And her daughter’s been by her side every step of the way.
“Whether that’s coloring on all my textbooks, or being there for my zoom meetings in class, she’s always been a part of it,” she said.
Turner is graduating this quarter, and she has plans to keep moving forward with her career plans.
“My next plan is to be a paralegal, I’m taking the exam this week,” she said. “I want to give my best, make Highline proud, find my thing, have the career I love.”
She’d also like to return to Highline someday, and share everything she’s learned to others.
“I’d love to take my experience and put it in the form of a seminar, or a class,” Turner said. “I always want to be open, I just have so much still to give. I don’t want my credit requirements coming to a 0, to mean that Highline will never see me again.”
And although she’s learned a lot from textbooks, there are times at Highline that she’ll hold much closer to her heart, Turner said.

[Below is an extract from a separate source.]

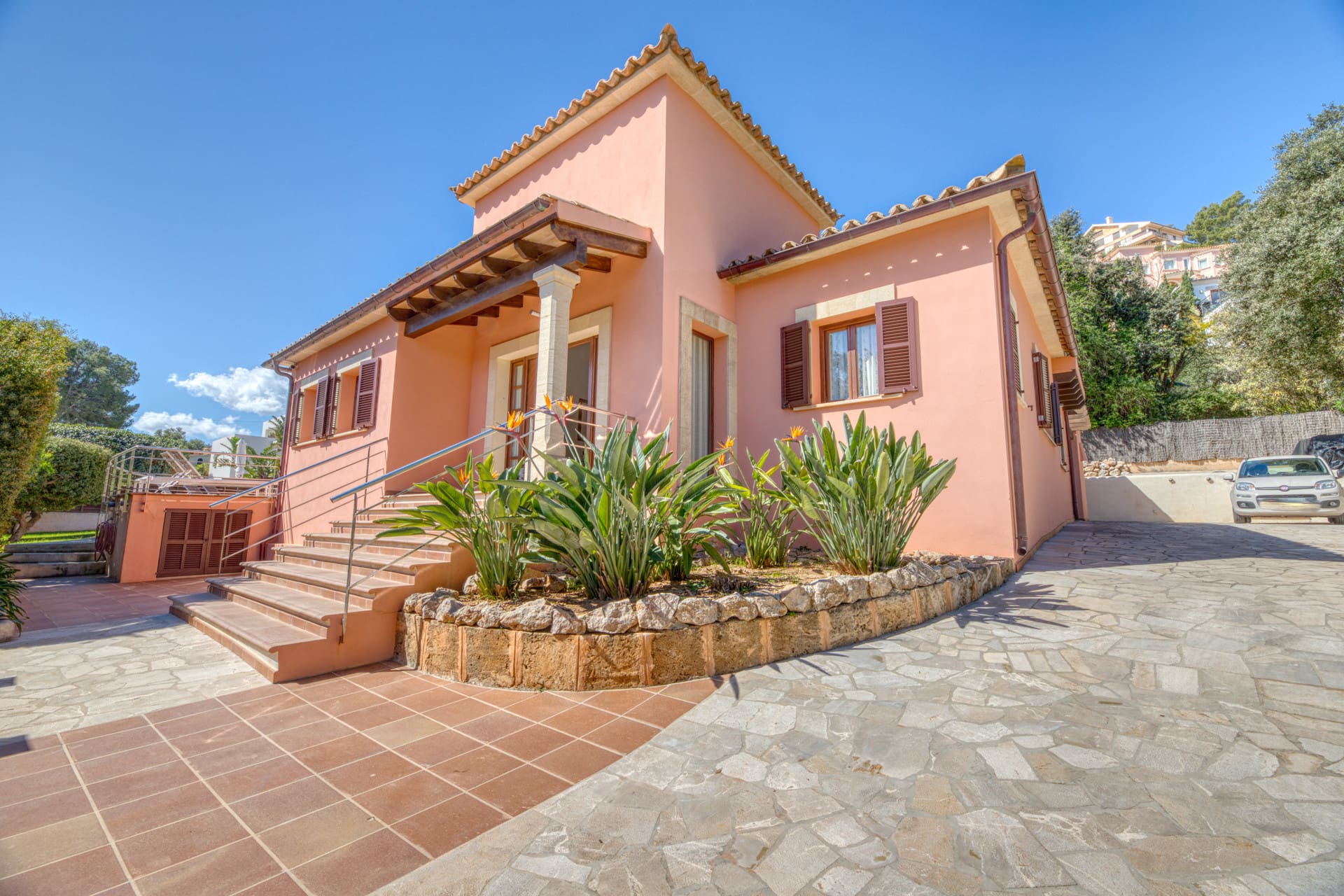 1750353025-e46a9f0f-f885-4d43-aeb7-c636a6bb1a5b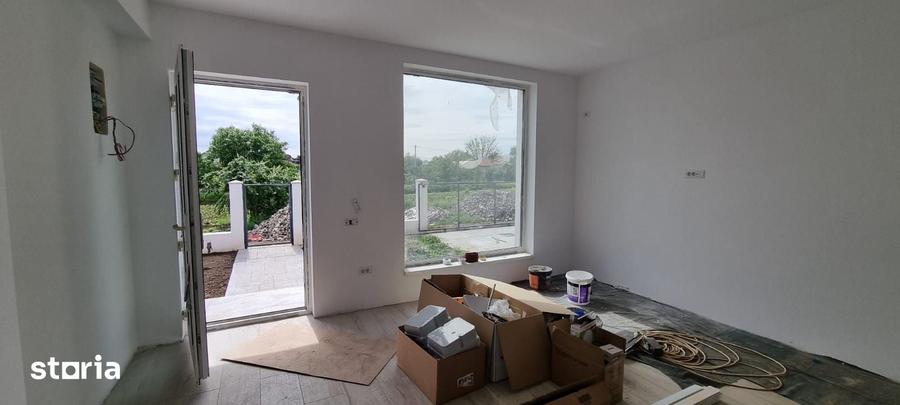 Casa Parter 4 camere/Com.Berceni/Comision 0% - 10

“It’s not always the classes, the books the tests I’m going to remember. It’s the life experiences and stories I would get from the professors, the people I’ve come across,” she said. “Those are the things I think I’ll remember … that keeps me grounded when things are going great, gives me hope when things aren’t going great.”
“I didn’t expect to gain a community, network, friends, colleagues,” Turner said. “I’m just so grateful I chose Highline.”